Your assignment: Restate, exactly as written, the entries below from the line that holds "Una cabaña de" through the line that holds "Mujer joven o". Pictures are not part of the copy.

Input:
########################################
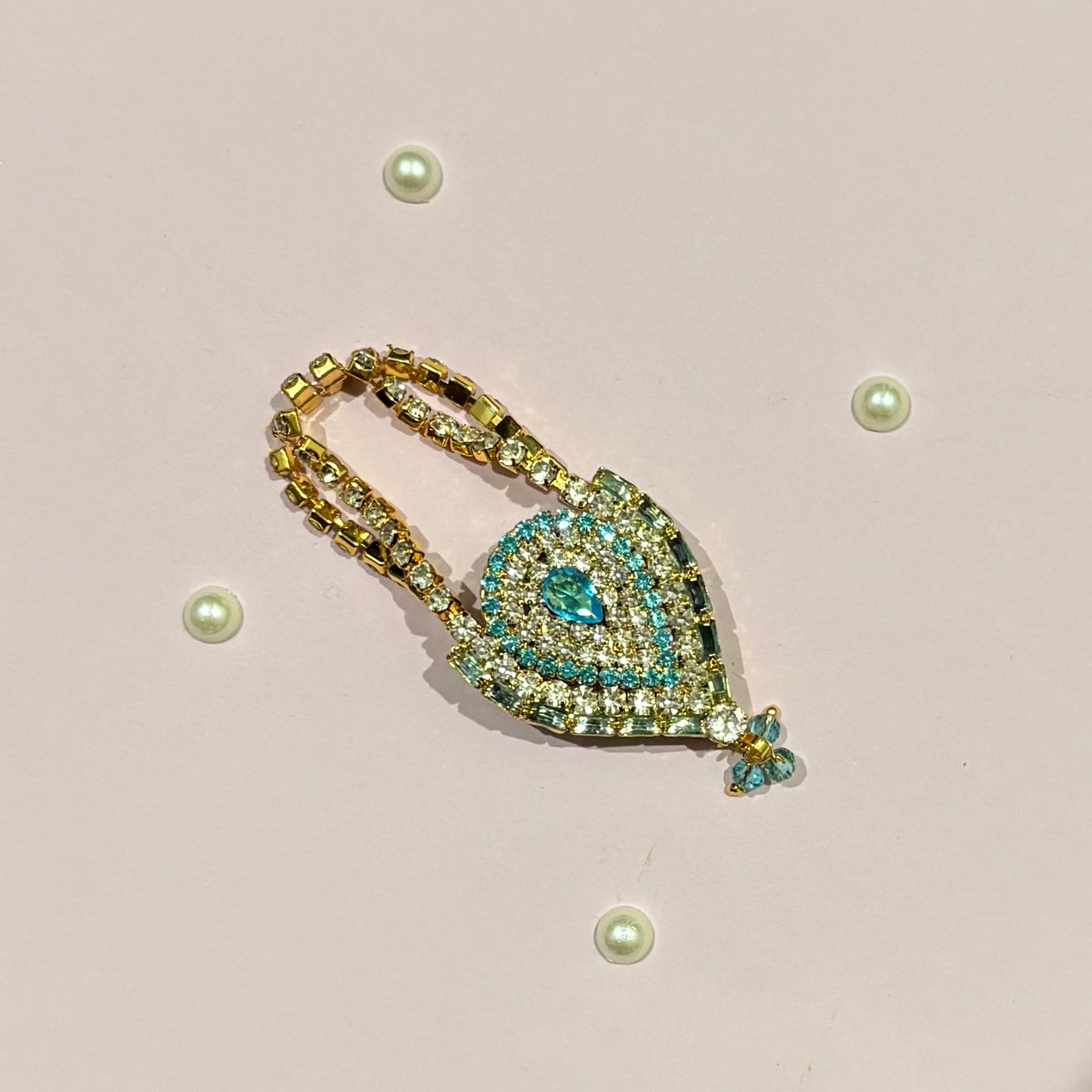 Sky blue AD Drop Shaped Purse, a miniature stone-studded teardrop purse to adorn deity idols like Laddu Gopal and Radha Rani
########################################
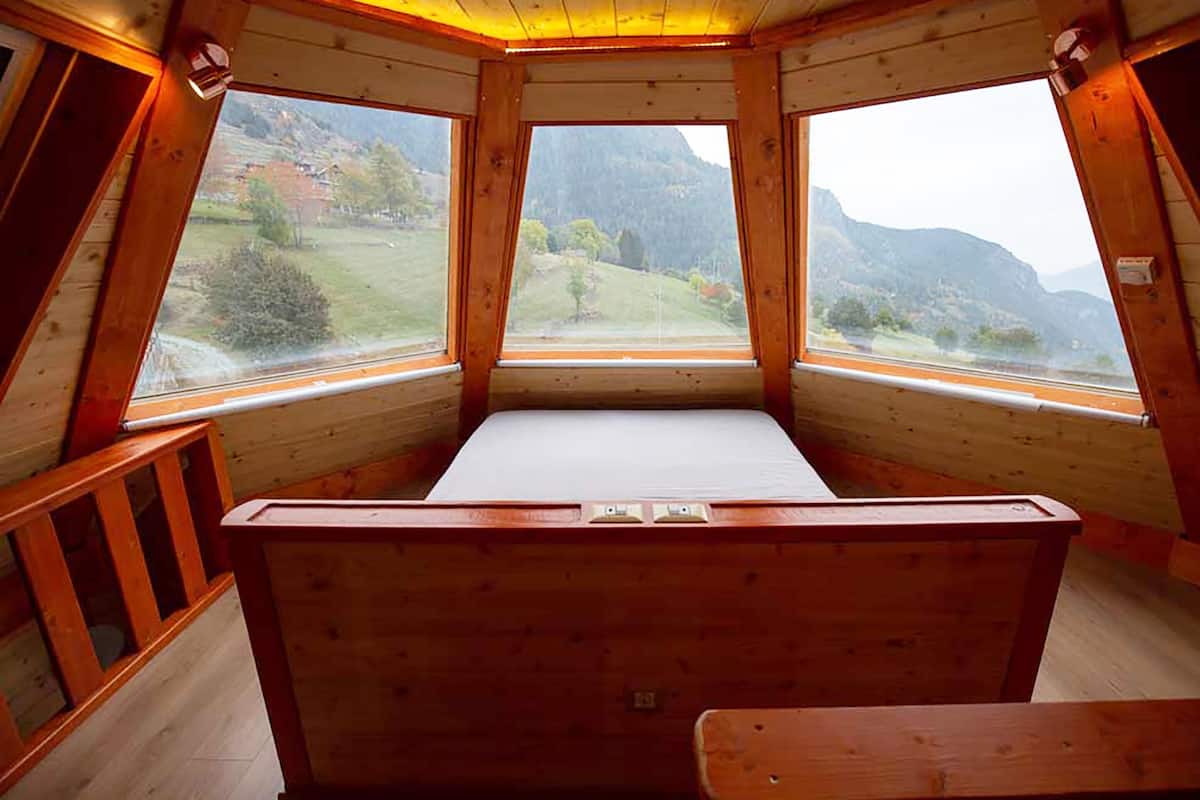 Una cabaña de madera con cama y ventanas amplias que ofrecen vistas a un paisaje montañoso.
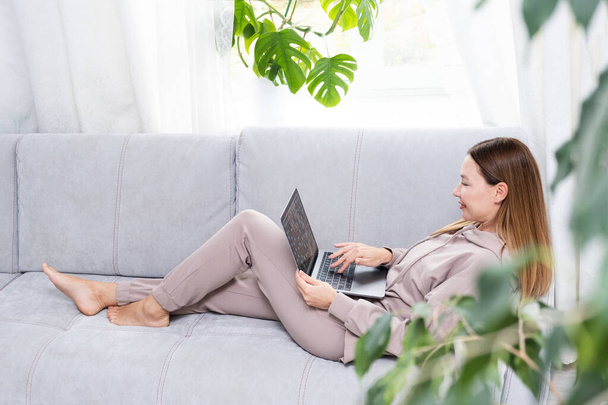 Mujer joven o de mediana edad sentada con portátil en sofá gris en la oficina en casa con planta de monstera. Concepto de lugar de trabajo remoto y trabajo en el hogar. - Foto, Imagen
########################################
Exercise result:
 Una cabaña de madera con cama y ventanas amplias que ofrecen vistas a un paisaje montañoso.
 Mujer joven o de mediana edad sentada con portátil en sofá gris en la oficina en casa con planta de monstera. Concepto de lugar de trabajo remoto y trabajo en el hogar. - Foto, Imagen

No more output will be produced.